Our conclusion upon the whole case, so far as the questions arising in it may be reviewed by this court, is, that if the bank had no authority to purchase the bonds in question, it is yet not exempt, by reason of anything in the national banking act, from liability to the plaintiff for the difference between the price it paid for them and their value at the time it refused, upon plaintiff's demand, to comply with the contract made by it for their purchase and held on to the bonds.

Judgment affirmed. Syllabus.





No. 118. Argued December 16, 1890. – Decided March 2, 1891.

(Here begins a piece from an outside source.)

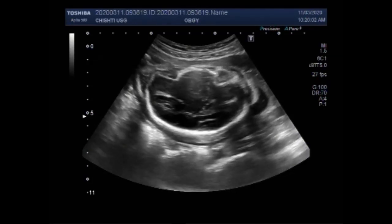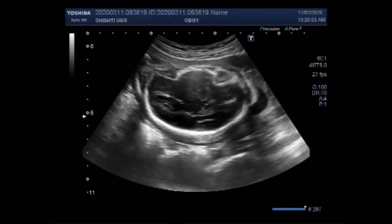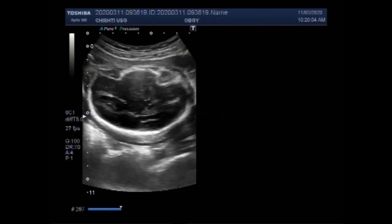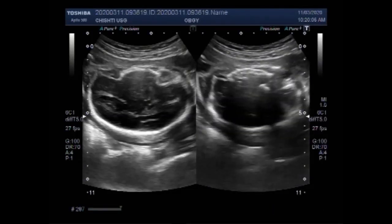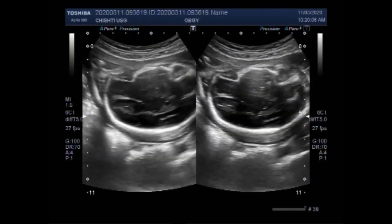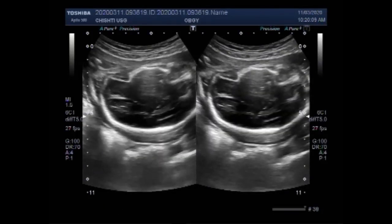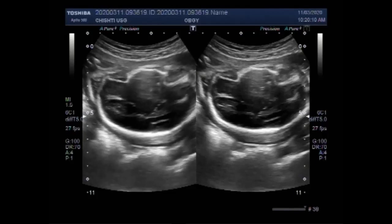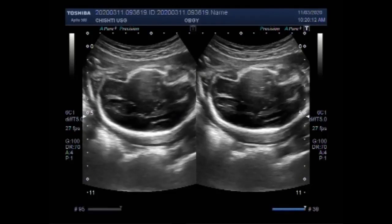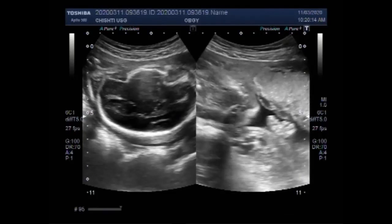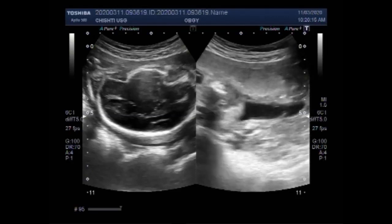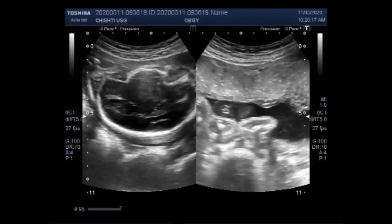Placental sign is defined as babies delivered with no sign of life known to have died after 24 completed weeks of pregnancy.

The Pullman Southern Car Company, operating drawing-room and sleeping

cars, hired ten of such cars to a railroad company at the compensation of three cents per mile per car for every mile run by its cars upon the lines of the railroad company. The railroad company agreed, when requested, to repair the cars furnished under the contract as it might become necessary, and, without request, to make such repairs as were required to insure their safety, rendering bills monthly to the Pullman Company and charging for such repairs only the actual cost of the material and labor expended. The railroad company assumed responsibility for damages to the cars occasioned by "accident or casualty” while the sleeping car company assumed responsibility for loss or damage arising from defective heating apparatus or lights furnished by it. The latter company was to have the exclusive right for fifteen years to furnish drawing-room and sleeping cars on all passenger trains of the railroad company, the latter binding itself not to contract with any other party to run said class of cars on and over its lines during that period. If either party failed to keep and perform its covenants the one not in default could, upon written notice, declare the contract at an end. The railroad company had the option to terminate the contract at the end of five, eight or eleven years, upon written notice served six months before the date fixed for such termination. Two of the sleeping cars, the Louisiana and Great Northern, were entirely destroyed by fire originating “ from a cause unknown;” the former at the time of the fire being on the railroad track under a depot shed used by the railroad company to store cars when not in actual transit, and the latter being in a shop belonging to the railroad company, known as the Pullman repair shop, which had been assigned to the exclusive use of the sleeping car company as a place where it could repair its own cars. This shop at the time of the fire was in the possession of the Pullman Company, the railroad employés having no access thereto. The Great Northern had been in that shop for repairs by its owner for six months before the fire, and but for the fire would have been in condition to have been again put in actual use by the railroad company on the day succeeding the fire. Both the Louisiana and the Great Northern were insured by the Pullman Company.